Un'iniziativa inedita nella città di Catania, già sperimentata con successo in altre grandi città italiane considerato che gli ispettori ambientali volontari saranno impegnati in attività di informazione ai cittadini sul corretto conferimento dei rifiuti, prevenzione nei confronti di comportamenti che possano arrecare danno all'ambiente, di vigilanza e segnalazione in caso di irregolarità, dal deposito incontrollato dei rifiuti alla mancata osservanza delle norme comunali e delle ordinanze sindacali.

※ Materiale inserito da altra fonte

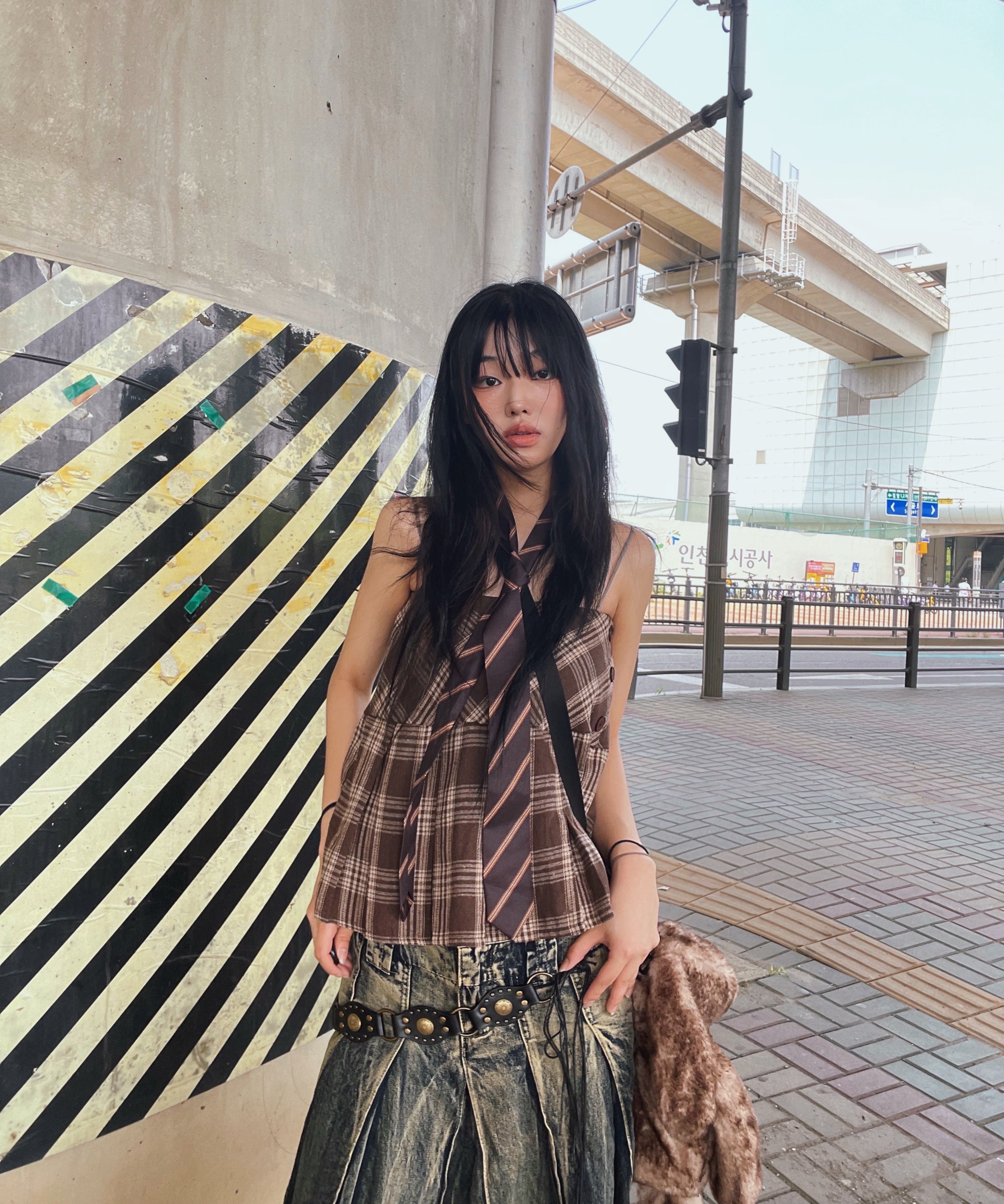 MUSINSA | LAUGHER Rabbit Cross Bag - Black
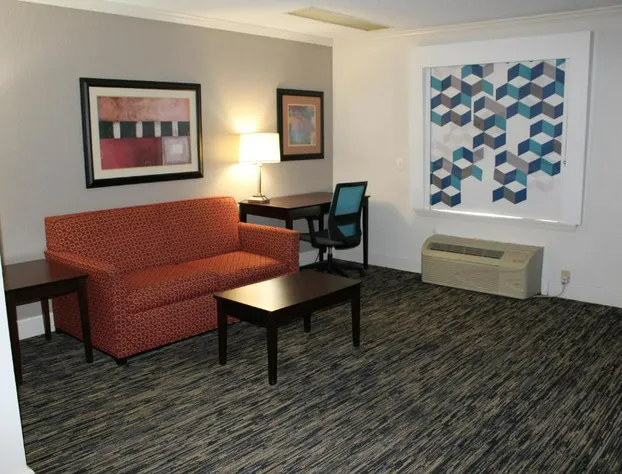 Quality Inn Crossville Near Cumberland Mountain State Park hotel detail image 1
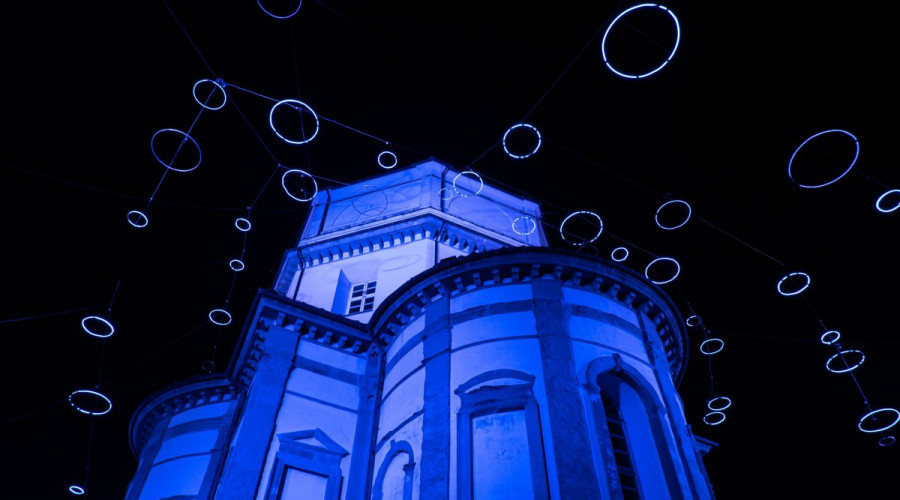 shutterstock2111448161luci-artista.jpg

Opereranno sul territorio in fasce orarie prestabilite, con rientro quotidiano negli uffici di riferimento per la consegna delle schede di rilevamento, mentre le associazioni saranno tenute alla trasmissione di report settimanali organizzativi e operativi delle attività svolte: il compenso giornaliero stabilito, a titolo di rimborso spese, è di 18 euro.

«L'amministrazione comunale - hanno spiegato Trantino e Pesce - considera questo servizio un tassello determinante per migliorare il sistema di raccolta differenziata e rafforzare il controllo territoriale, valorizzando la partecipazione attiva dei cittadini e la collaborazione con il mondo del volontariato. La cura della città è un compito che richiede responsabilità condivisa e la collaborazione di tutti, dalle istituzioni ai cittadini».